── Material for the task ──
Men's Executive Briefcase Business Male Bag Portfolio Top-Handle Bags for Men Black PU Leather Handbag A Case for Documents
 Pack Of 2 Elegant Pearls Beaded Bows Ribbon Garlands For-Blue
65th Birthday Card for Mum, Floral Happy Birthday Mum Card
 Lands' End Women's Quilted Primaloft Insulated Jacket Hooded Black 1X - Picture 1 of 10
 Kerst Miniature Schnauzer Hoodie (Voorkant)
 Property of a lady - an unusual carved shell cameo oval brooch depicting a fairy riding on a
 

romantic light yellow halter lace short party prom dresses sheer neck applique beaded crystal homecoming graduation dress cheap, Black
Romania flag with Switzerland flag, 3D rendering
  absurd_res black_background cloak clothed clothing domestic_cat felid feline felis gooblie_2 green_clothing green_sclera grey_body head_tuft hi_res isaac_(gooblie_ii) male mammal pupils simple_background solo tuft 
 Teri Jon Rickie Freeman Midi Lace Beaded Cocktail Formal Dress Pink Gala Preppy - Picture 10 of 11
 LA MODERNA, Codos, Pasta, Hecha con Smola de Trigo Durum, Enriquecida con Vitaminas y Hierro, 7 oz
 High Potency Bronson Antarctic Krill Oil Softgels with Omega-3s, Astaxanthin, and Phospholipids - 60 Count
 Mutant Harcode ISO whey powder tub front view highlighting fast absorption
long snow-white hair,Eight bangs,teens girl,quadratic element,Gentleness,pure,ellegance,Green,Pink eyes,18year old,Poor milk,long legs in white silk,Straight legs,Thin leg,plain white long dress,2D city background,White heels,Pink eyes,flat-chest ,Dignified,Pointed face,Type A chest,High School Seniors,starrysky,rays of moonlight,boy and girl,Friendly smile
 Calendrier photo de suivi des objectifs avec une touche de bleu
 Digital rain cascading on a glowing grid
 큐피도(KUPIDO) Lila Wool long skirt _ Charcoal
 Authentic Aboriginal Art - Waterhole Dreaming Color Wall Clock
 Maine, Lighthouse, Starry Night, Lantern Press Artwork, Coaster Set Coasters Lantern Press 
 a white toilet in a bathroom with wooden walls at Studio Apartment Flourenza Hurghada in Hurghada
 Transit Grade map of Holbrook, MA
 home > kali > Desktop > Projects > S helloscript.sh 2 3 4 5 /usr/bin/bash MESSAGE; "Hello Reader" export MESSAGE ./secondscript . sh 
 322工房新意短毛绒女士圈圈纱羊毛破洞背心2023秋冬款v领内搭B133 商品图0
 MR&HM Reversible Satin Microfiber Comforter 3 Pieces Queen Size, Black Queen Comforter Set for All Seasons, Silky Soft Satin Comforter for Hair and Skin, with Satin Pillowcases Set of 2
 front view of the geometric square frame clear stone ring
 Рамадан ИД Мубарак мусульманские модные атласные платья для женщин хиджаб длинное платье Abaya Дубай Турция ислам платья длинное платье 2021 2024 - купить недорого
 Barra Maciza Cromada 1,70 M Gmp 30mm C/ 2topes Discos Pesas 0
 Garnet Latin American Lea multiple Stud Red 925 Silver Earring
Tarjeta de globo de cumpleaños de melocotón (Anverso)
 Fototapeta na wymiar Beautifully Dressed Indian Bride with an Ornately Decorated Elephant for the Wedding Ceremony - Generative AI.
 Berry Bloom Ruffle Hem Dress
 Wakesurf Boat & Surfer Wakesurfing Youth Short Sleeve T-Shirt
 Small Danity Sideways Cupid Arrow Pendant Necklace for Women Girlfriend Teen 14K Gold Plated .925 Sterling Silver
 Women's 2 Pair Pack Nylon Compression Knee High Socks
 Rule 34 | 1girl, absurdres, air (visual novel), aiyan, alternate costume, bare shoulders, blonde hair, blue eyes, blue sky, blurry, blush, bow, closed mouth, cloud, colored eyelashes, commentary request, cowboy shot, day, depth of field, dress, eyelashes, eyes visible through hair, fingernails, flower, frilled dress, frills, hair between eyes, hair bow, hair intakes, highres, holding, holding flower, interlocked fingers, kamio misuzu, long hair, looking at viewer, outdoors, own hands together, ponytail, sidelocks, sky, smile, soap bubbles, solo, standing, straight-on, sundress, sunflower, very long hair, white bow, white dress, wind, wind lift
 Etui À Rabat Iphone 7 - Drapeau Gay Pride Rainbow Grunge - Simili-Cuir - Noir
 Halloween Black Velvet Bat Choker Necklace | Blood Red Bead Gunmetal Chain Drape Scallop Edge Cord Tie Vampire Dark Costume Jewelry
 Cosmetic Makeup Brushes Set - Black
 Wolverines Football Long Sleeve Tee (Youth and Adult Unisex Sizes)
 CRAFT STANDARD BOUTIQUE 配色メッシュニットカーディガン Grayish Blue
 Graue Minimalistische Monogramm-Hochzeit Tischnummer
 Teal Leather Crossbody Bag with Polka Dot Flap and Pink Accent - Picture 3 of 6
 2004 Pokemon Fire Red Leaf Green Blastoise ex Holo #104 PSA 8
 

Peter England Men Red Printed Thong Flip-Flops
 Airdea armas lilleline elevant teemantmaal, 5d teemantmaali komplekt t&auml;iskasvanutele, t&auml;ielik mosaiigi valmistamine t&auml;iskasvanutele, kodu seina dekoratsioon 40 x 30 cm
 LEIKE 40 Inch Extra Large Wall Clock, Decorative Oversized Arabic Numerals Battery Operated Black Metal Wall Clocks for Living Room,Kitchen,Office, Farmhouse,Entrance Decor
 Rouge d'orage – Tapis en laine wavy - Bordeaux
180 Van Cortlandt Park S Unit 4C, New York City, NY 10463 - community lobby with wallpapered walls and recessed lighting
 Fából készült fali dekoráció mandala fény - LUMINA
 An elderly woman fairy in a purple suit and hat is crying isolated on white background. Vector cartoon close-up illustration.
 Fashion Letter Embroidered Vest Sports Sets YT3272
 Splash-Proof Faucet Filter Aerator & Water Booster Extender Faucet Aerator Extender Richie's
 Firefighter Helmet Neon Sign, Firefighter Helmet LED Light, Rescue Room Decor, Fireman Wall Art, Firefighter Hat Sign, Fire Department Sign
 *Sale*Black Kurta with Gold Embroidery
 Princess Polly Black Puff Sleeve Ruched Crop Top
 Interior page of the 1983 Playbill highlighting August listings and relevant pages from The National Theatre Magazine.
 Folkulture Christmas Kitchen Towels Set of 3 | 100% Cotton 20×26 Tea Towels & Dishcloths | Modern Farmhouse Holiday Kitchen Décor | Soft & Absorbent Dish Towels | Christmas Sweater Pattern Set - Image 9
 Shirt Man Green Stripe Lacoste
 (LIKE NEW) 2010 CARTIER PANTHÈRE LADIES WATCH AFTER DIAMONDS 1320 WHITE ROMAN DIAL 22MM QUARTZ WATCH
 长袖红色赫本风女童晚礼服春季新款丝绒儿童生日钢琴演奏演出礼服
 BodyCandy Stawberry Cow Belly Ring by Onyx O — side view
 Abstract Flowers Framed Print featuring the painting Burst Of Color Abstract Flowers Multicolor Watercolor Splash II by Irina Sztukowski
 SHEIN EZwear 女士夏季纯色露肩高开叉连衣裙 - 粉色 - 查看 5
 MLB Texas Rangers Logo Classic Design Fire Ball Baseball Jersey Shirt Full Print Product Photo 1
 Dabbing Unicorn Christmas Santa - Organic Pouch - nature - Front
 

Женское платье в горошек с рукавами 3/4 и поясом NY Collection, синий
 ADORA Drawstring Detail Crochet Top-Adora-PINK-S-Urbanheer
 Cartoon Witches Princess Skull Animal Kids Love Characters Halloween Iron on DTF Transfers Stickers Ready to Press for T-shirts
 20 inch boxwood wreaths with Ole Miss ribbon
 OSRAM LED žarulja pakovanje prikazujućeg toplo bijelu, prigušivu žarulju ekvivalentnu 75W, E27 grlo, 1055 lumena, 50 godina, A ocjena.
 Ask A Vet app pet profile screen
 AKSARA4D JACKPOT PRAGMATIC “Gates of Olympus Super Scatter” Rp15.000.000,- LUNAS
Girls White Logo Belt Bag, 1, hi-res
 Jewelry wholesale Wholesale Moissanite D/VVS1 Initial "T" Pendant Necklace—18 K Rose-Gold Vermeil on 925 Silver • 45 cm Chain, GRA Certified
───
Give back the records above exactly, limited to the lines between the one holding "Calendrier photo de" and the one holding "front view of", inclusive.

 Calendrier photo de suivi des objectifs avec une touche de bleu
 Digital rain cascading on a glowing grid
 큐피도(KUPIDO) Lila Wool long skirt _ Charcoal
 Authentic Aboriginal Art - Waterhole Dreaming Color Wall Clock
 Maine, Lighthouse, Starry Night, Lantern Press Artwork, Coaster Set Coasters Lantern Press 
 a white toilet in a bathroom with wooden walls at Studio Apartment Flourenza Hurghada in Hurghada
 Transit Grade map of Holbrook, MA
 home > kali > Desktop > Projects > S helloscript.sh 2 3 4 5 /usr/bin/bash MESSAGE; "Hello Reader" export MESSAGE ./secondscript . sh 
 322工房新意短毛绒女士圈圈纱羊毛破洞背心2023秋冬款v领内搭B133 商品图0
 MR&HM Reversible Satin Microfiber Comforter 3 Pieces Queen Size, Black Queen Comforter Set for All Seasons, Silky Soft Satin Comforter for Hair and Skin, with Satin Pillowcases Set of 2
 front view of the geometric square frame clear stone ring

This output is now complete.